The prayers of the Divine Office rotate in a four week cycle throughout the year, with additional variations for the liturgical seasons and/or feast days.   

Although long perceived to be the territory of religious and clergy, the Divine Office is strongly recommended by the Church to us lay people. 

I have been praying the Divine Office for many years.   The purpose of this blog is to encourage and teach people to pray it, and to share some of the spiritual treasures I find in its pages every day. 


Do you want to know more about the Divine Office?

Did you buy a breviary but gave up trying to figure out how to use it?

Are you praying the Divine Office but not sure you're doing it right?

Are you finding it difficult and/or interesting to figure out what we should be thinking as we pray each psalm?

Do want a forum  to share the thoughts and inspirations that come to you as you pray the Divine Office?

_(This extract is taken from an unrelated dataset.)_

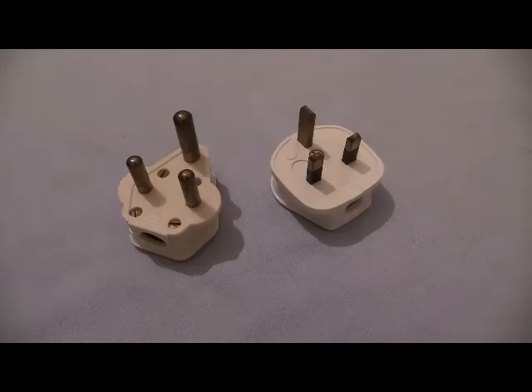Now, as we know, that's only one part of the story, isn't it? What about the device that they connect into? Yes, I'm talking about sockets. Are we going to do a video on sockets? It would be silly not to, wouldn't it? Okay, so we're going to be getting into that right now. We're going to have a look at a few sockets for plugs to connect into.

You've come to the right place. Go back to the homepage, try other tabs, read posts, and ask questions whenever you like.

58 comments:

  1. I'd like to hear your thoughts regarding LOTH versus other devotional practices, especially the Rosary. As a convert from Protestantism it seems like 99% of what I hear recommended is the rosary. Most of the sources that supported by journey (EWTN,Relevant Radio, blogs) emphasize the rosary. All the old timers at my parish mostly talk about the rosry. However I really feel more of a connection with LOTH. Just this morning I resolved that I was going to force myself to give the rosary a long term trial by skipping Morning Prayer and praying the rosary insead. Then I read the Popes comments on LOTH. Coincidence? I sometimes feel like an oddball because of this.

    ReplyDelete
  2. Rob, your question and comments are SO good that I want to devote a blog post to it, probably in the next few days. My quick reply is that historically, the rosary developed as a kind of informal, substitute LOTH for the illiterate: it's 150 Hail Marys(the rosary used today is really 1/3 of a full medieval rosary) standing in for the 150 psalms. It's a powerful prayer and a great exercise in meditation. I say the rosary almost daily, and I'd hate to see you give up either the rosary or the LOTH in order to accomodate one of them. I often pray my rosary while I'm driving: consider trying that if you find yourself travelling for at least 15 minutes daily. There's a scriptural rosary CD you can play which give a verse of scripture to go with each Hail Mary. http://www.amazon.com/Mother-Mercy-Scriptural-Rosary-Vinny/dp/1884479367 That being said, the LOTH is liturgy, like the Mass, and as such is a higher form of prayer than the rosary. On the other hand, the LOTH has not been user-friendly for the laity until 1971, so that is why most Catholics are unaware of it.

    ReplyDelete
  3. I look forward to your blog post about this. My first comments were a real ramble and I still missed a couple of things that I think about. On the one hand I read JP2 writing that the rosary is his favorite prayer and devoting an Apostolic Letter to it. Most Marian apparitions promote the rosary. On the other hand is the Vatican 2 document, the cathechism, and B16's recent comments about the high position the LOTH has. I know that one of the major changes in thinking I've had to overcome from Protestantism is seeing things as both/and instead of either/or. However, I have a limited amount of time, and sometime struggle to squeeze in just one of these forms of prayer.

    ReplyDelete
  4. Daria is right....it's not either a rosary or the litury of the hours. For me,its both.

    ReplyDelete
  5. I was wondering if the color ribbons should be used specifically for certain sections. Or it is purely an individual preference? Thanks.

    ReplyDelete
  6. There's no significance to the colors that I've ever heard of. I like to keep them from criss-crossing, so I use the one nearest the front of the book for the proper of seasons, the next one for the Psalter, the next one for night prayer, the next for the feasts, and the last one for the commons.

    ReplyDelete
  7. I never have managed to figure out how to the books other than as bookends on my shelf. However, I found a website, Universalis, that provides the whole set of prayers and readings each day. In asmuch as I can open the site and do the readings from the screen each day I use it.
    BTW. I do the LAUDS following my dailey scripural rosary. They go together nicely. Being retired allows me the time for both. If I were still working, I would have to do the rosary during the morning commute.

    ReplyDelete
    Replies
    1. Universalis is wonderful, Walt. So is ibreviary, which I keep a widget for here on this site and use on my Kindle. Divineoffice.org is another wonderful online breviary which also offers audio podcasts to the hours. I use all of these quite often. If you ever want to learn to use those bookends, check my How-to page, or just ask any questions you want. Those books come in handy around here when the power is out or when I'm traveling and have not computer access.

      Delete
  8. Hey there, love the Blog. I've got a quick question to throw your way about praying the hours.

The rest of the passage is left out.